Cecchini. Alla partenza siamo in cinque, guidati da Hassan, tutti sui vent’anni. Uno ha un vecchio fucile a colpo singolo con un grande mirino a cannocchiale da safari, gli altri tre sono armati con il solito mitra russo Kalashnikov. Scendiamo un sentiero alle spalle di Sciuna e incontriamo alcuni soldati del re, in rozze uniformi stinte, che ci ordinano di tornare indietro. I quattro li trattano con noncurante disprezzo e senza preoccuparci delle minacce superiamo il blocco e continuiamo indisturbati; è così che ogni tanto si sparano tra arabi. Camminiamo a lungo senza soste, attraversiamo zone ricche di vegetazione e ad un ruscello ci abbandoniamo a bere, a lavarci dal sudore e ci sistemiamo per uno spuntino a base di formaggio ed erbe commestibili che i ragazzi staccano dal suolo. Attraversato il ruscello, la marcia rallenta, si entra in una zona meno tranquilla, i quattro si fanno più guardinghi ed io con loro. Avanziamo distanziati e chini, preceduti da Hassan, che osserva e ci fa segno di seguirlo. Procediamo così fino a quando troviamo un campo arido e quindi senza protezione. Decidono di aggirarlo scattando da una macchia verde all’altra fino a trovarci sulla riva del Giordano, sopra ad una collinetta in un punto panoramico e strategicamente favorevole. Il promontorio è folto di alberi e sulla sinistra, più in basso oltre le acque, è ben visibile un forte “nemico”. Coi binocoli lo scrutano attentamente e mi spiegano che è difficile colpire qualcuno perché, proprio per evitare gente come loro, non escono quasi mai allo scoperto ma controllano l’esterno solo con potenti periscopi. Bisogna quindi attendere con pazienza che qualcuno commetta l’imprudenza di esporsi e cercare di colpirlo, ma può capitare di stare qui una o più giornate senza che ciò avvenga. A parte qualche foto scattata ai ragazzi, è evidente che col mio ‘potente obiettivo’ non sono in grado di riprendere altro, particolare che rende ancora più assurda la mia presenza. Tuttavia, questo concentrato di adrenalina m’intriga. Non ci sono convinzioni politiche, la mia presenza qui è dovuta al caso, alla curiosità e all’istintiva simpatia per dei coetanei che rischiano la vita per un proprio ideale.

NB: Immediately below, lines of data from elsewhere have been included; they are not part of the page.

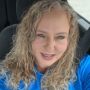 Diana walling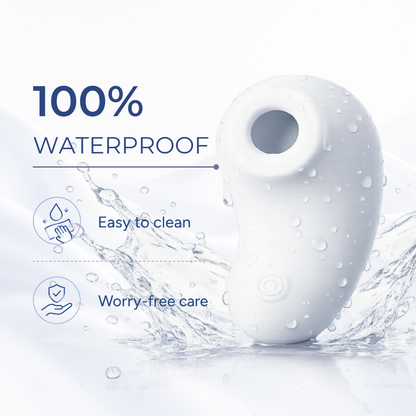INTIMYX™ Aura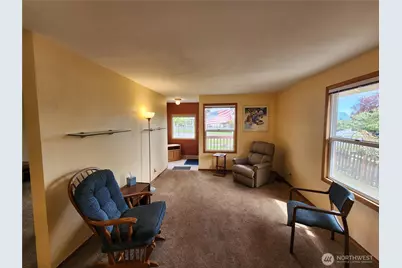 114 W 9 Th, Port Angeles, WA 98362 - Photo 8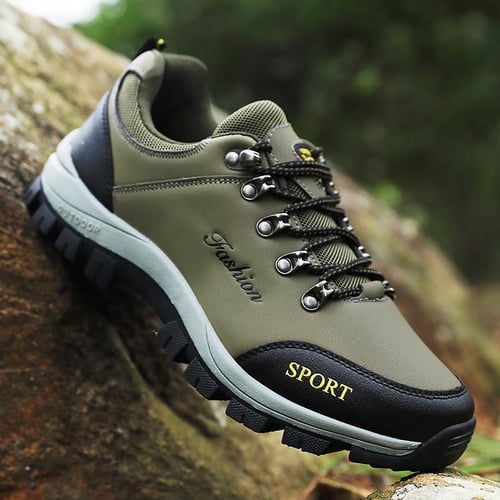 Spring shoes boots online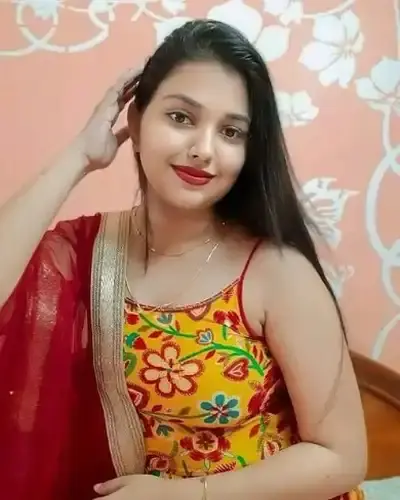 Call Girl in Parseoni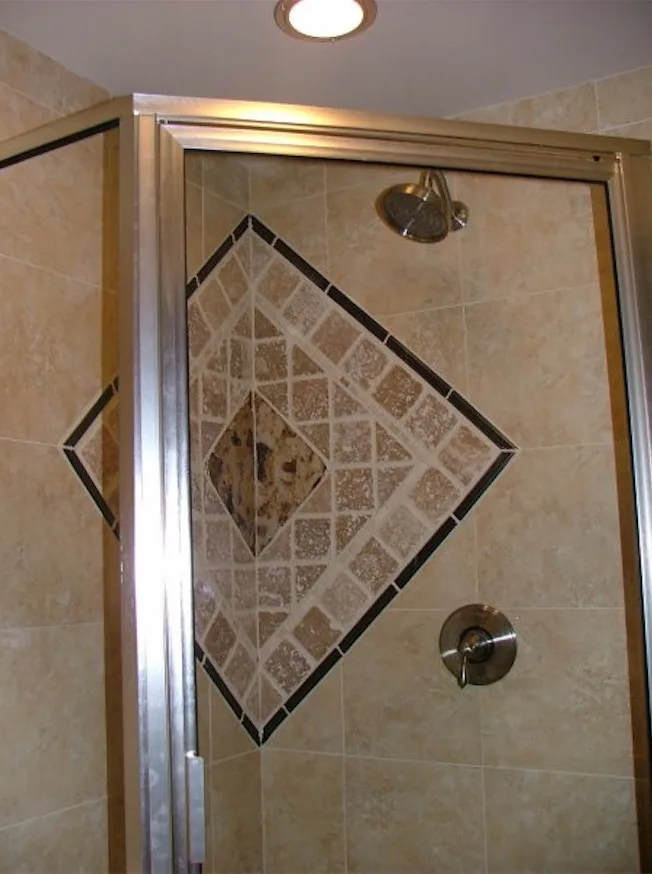 Collection of Work by Dewey Construction Inc. - Photo 16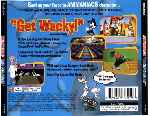 miniatura animaniacs-ten-pin-alley-trasera-por-franki cover psx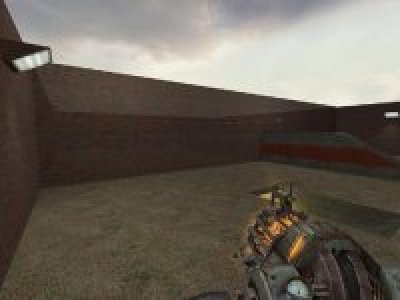 sf_mumbu_beta2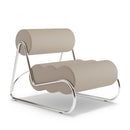 Fave chair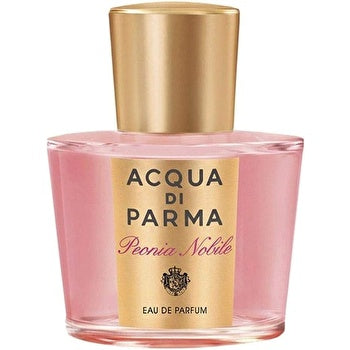 Acqua Di Parma Peonia Nobile Eau De Parfum Spray 20ml
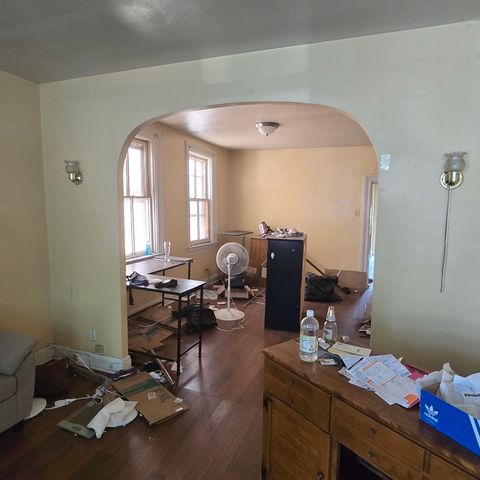 1817 W 21st Street, Chicago, IL 60608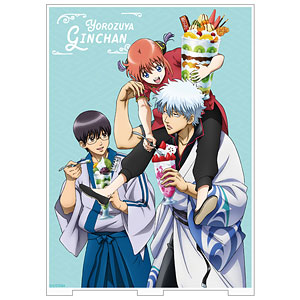 検索結果]-amiami.jp-あみあみオンライン本店-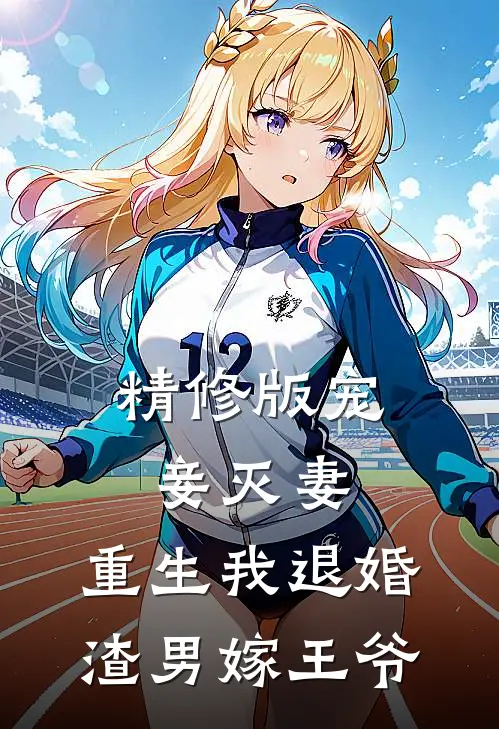 精修版宠妾灭妻，重生我退婚渣男嫁王爷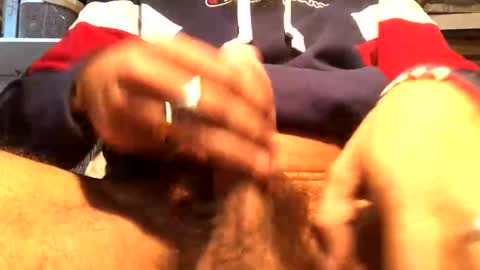 6990fiko online show from October 24, 2025, 7:27 am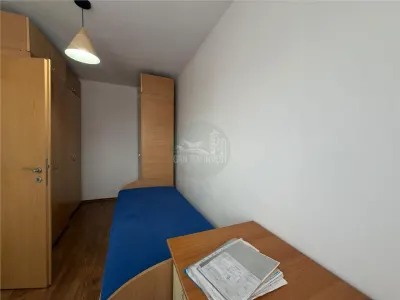 Apartament 2 camere la etajul 1 zona Tiglari - foto 2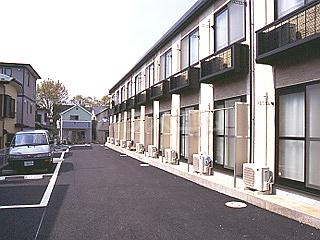 15/22 その他画像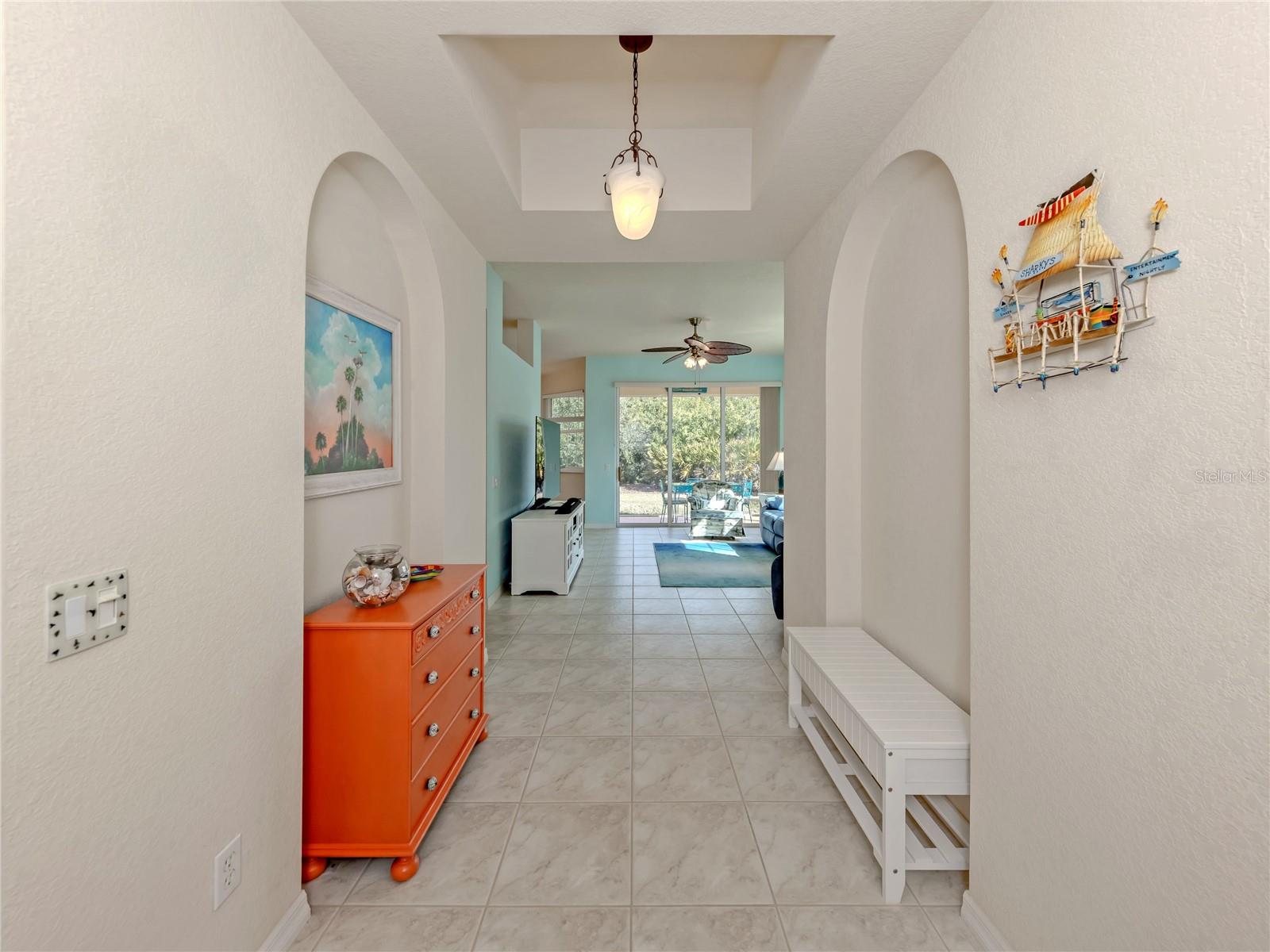 Image 5 of 29 For 902 Casa Del Lago Way 902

Dopo appena una ventina di minuti dal nostro arrivo, l’addetto al binocolo sembra aver scorto un possibile bersaglio e lo mostra contento agli amici. Eccitati si appostano tra il verde e mi dicono di infilarmi in un grosso cilindro di cemento adibito a scarico di fognature mai terminate per via della guerra. Questo perché nel caso individuino da dove è partito lo sparo potrebbero bombardare col napalm, così secondo loro dovrei essere più protetto (?). Sto rannicchiato dentro a questo tubo senza capire cosa sta succedendo e cosa potrà succedere. Parte il colpo che sibila sulla valle in direzione dell’avamposto. Subito fanno segno che il tiro è sbagliato. Dopo pochi secondi dal forte partono scariche caotiche di mitraglia, sparano ad intervalli ed in direzioni diverse. Questo mi conforta: fortunatamente non ci hanno localizzato. Seriamente dispiaciuti per non avere colpito nessuno, i ragazzi si appostano nello stesso punto e riprendono a maneggiare avidamente il binocolo. Devo attendere poco per sentirmi ripetere di tornare al riparo; questa “faccenda del tubo” non mi piace per niente e mi sta preoccupando.